Another year finds us at another Rare Diseases Day. This is really an incredible day to unite with other children and families affected by rare diseases and the challenges that entails. Being affected by a rare disease, whether you have the diagnosis or whether a loved one has it, can change your entire life style, your entire reference for what is your family's personal "normal." This year's theme is "Rare Disorders Without Borders." When I hear that, I can't help but think of the amazing families and medical professionals we have met along our children's journey with FPIES.
It is an interesting journey indeed, and along the way we have met people that we never may have crossed paths with otherwise. And now I can't imagine our lives without those encounters. Each person along the path has the opportunity to touch others on the road, to lift someone up, to affect change on both a large scale and on a personal level.
I have seen a lot of families come and go. It is very encouraging to see others moving on, especially when it is because their children are outgrowing their FPIES symptoms or because their diet has become far more manageable. To be honest, it is hard to be the ones not moving on. Sometimes it feels like being left behind. It doesn't detract from any joy I feel for the other families, however. Knowing these feelings, I cannot say enough how appreciative I am of the families that do not forget, those that may move on, but do not leave others behind.
Just recently, I have seen a handful of mamas posting about their children's successes with outgrowing FPIES. It is so encouraging seeing these families returning to the support groups that once lifted them up to do exactly that for other families-- to lift them up. To encourage. To tell them that it doesn't stay dark forever, that there is hope, that there is change.
I know there are also families that have moved away a bit from the groups because their children are older but their FPIES symptoms remain unchanged. As a parent of an older child with FPIES, I know how hard it can be sometimes to stick around and watch others move forward as our children seem to be stuck. But these families still reach out, continue to use the knowledge they have to share with others, in hopes that the next family will be helped, maybe they won't have to reinvent the wheel. . .
The doctors and other health professionals that we have been so fortunate to have care for our children have made far more of an impact than I think they realize. Yes, I feel like my children receive excellent medical care. But beyond that, I feel like my children are supported by practitioners that care about them, not only a simple diagnostic code on a page. My children's quality of life, developmental milestones and personalities are all considered. When B was a baby, her old doctors viewed us as a problem-- it was even written that way in her chart. They did not view her situation as something requiring help or answers, even when she arrived unconscious at the ER just a few weeks before her first birthday. With B's current care team (whom we love), they view her and her sister as people (tiny, adorable people) that deserve the same dignity, respect and consideration as any other child or adult.

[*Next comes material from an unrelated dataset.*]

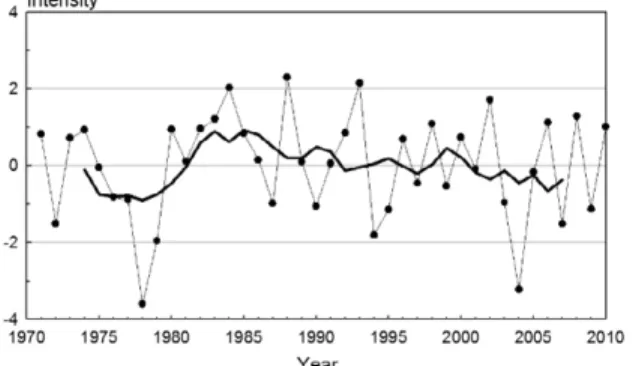 Figure 11. The annual intensity of Okhotsk high. 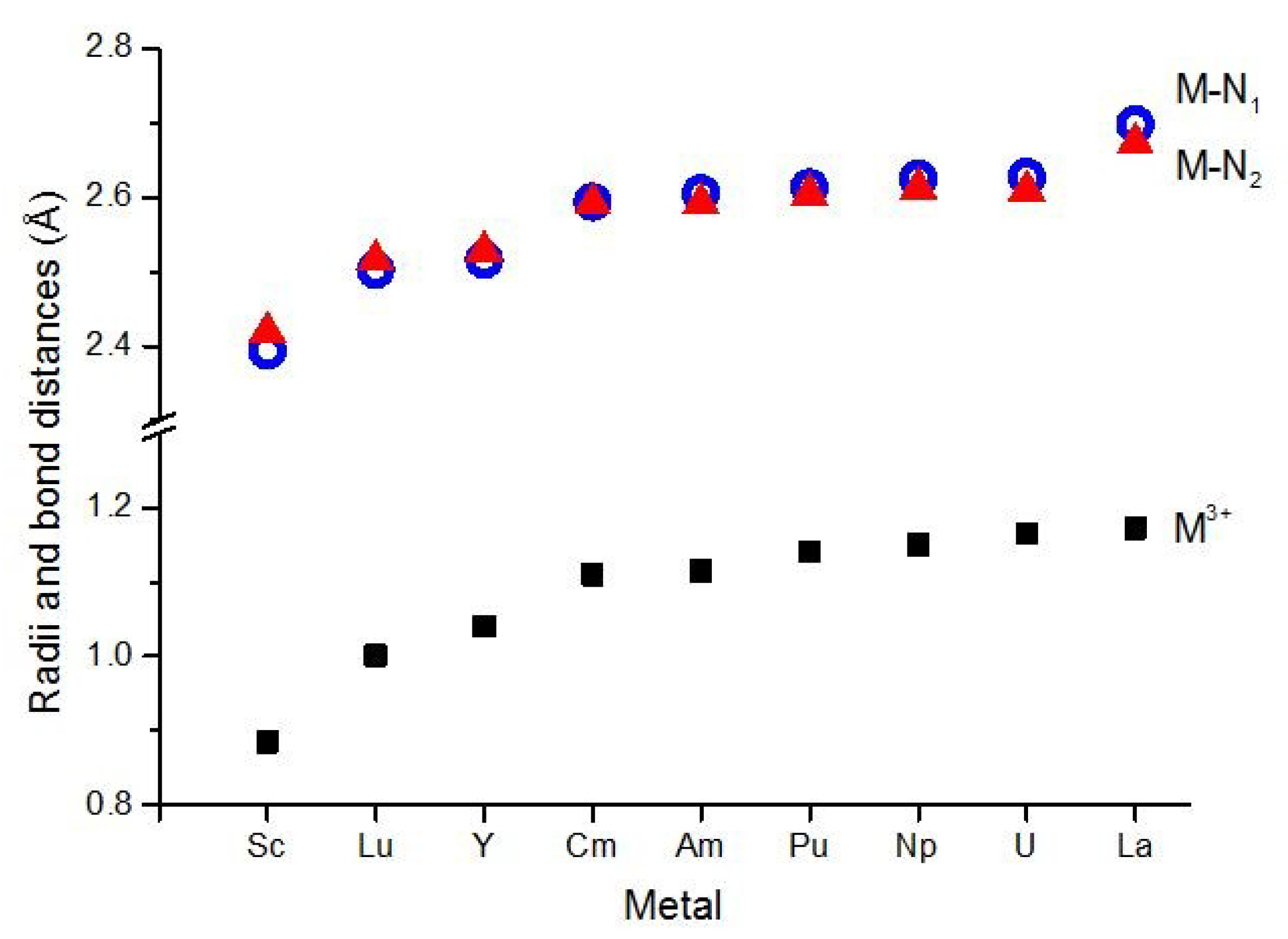 Inorganics 07 00026 g003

So as we celebrate Rare Diseases Day, let's all "dare to be rare"--- instead of moving on without looking back, or instead of seeing a child as nothing more than a diagnosis, let's reach across the borders that these choices create and remember how we felt the first time someone in this community connected with us. Let us all remember how to lift one another up, how to be a light in someone else's darkness, and how to see each child as a special little person, unique in his or her needs and abilities, and not simply a name attached to a diagnosis. To all of you already being this light, thank you for making the choice to dare to be rare. As I always say, the road of FPIES is a difficult one, but thank goodness that the company is great. Happy Rare Diseases Day!